(ACTIVITY): Give the data again exactly as written, without any of its pictures.
▬▬▬
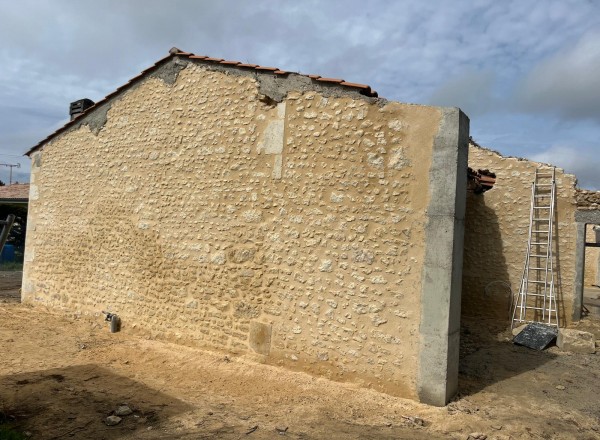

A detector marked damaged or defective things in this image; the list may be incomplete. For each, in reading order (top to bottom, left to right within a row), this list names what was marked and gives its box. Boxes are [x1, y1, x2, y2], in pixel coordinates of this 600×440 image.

damaged roof edge [25, 47, 380, 156]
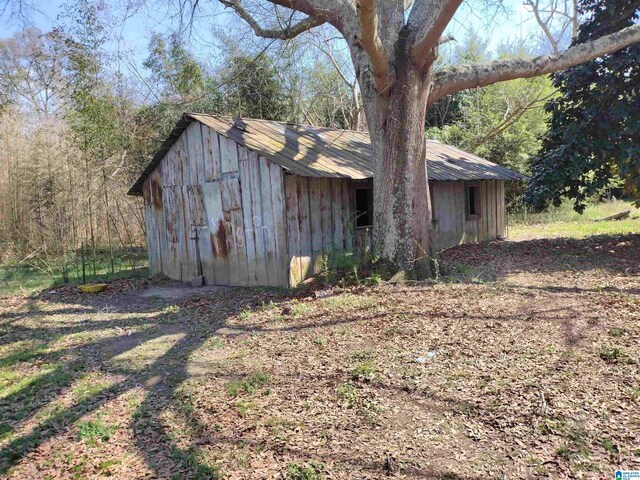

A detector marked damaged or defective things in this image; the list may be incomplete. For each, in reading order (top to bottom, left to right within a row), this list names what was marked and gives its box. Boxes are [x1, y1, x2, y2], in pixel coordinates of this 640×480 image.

rusty metal roof [129, 112, 524, 195]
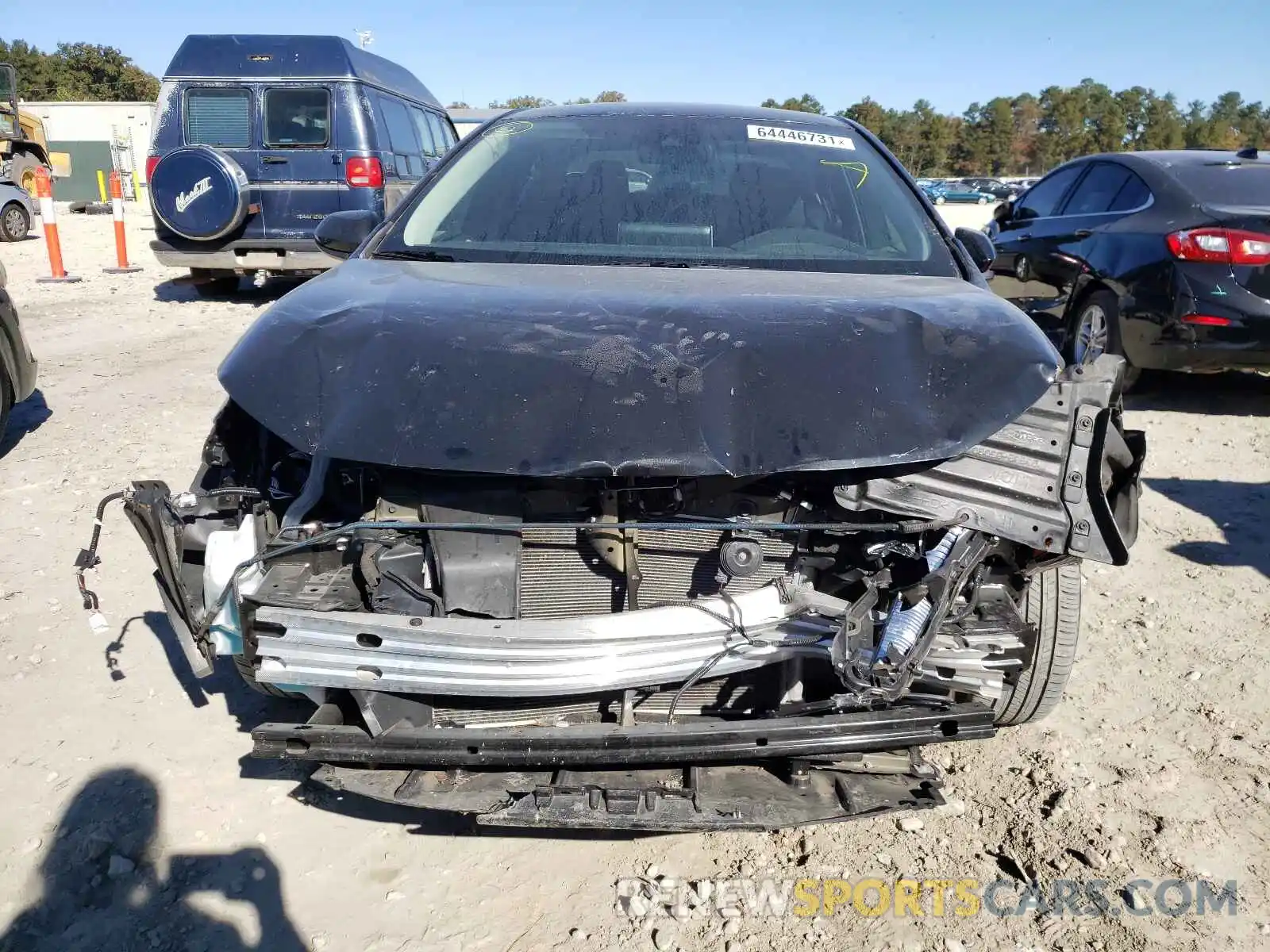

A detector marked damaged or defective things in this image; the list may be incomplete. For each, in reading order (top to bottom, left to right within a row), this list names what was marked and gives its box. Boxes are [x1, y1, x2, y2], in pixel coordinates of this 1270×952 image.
▬▬▬
(ANSWER):
A detector marked damaged or defective things in this image; the list may be incomplete. For each, in reading order (top to bottom, left to right within a row), this list names what was marked and gives its box. Boxes are [x1, y1, x2, y2], in pixel coordinates of this 600×440 image.

damaged roof edge [25, 47, 380, 156]

A detector marked damaged or defective things in this image; the list may be incomplete. For each, in reading order (top to bottom, left to right within a row), this list names what was marked and gives its box. Boxes are [x1, y1, x2, y2], in pixel coordinates of this 640×480 image.

rusty metal roof [129, 112, 524, 195]

A detector marked damaged or defective things in this image; the list may be incomplete. For each, in reading order (top to bottom, left to right within a row), this list names what was marked and gives its box. Boxes are [x1, y1, x2, y2], in pixel coordinates of this 1270×952 image.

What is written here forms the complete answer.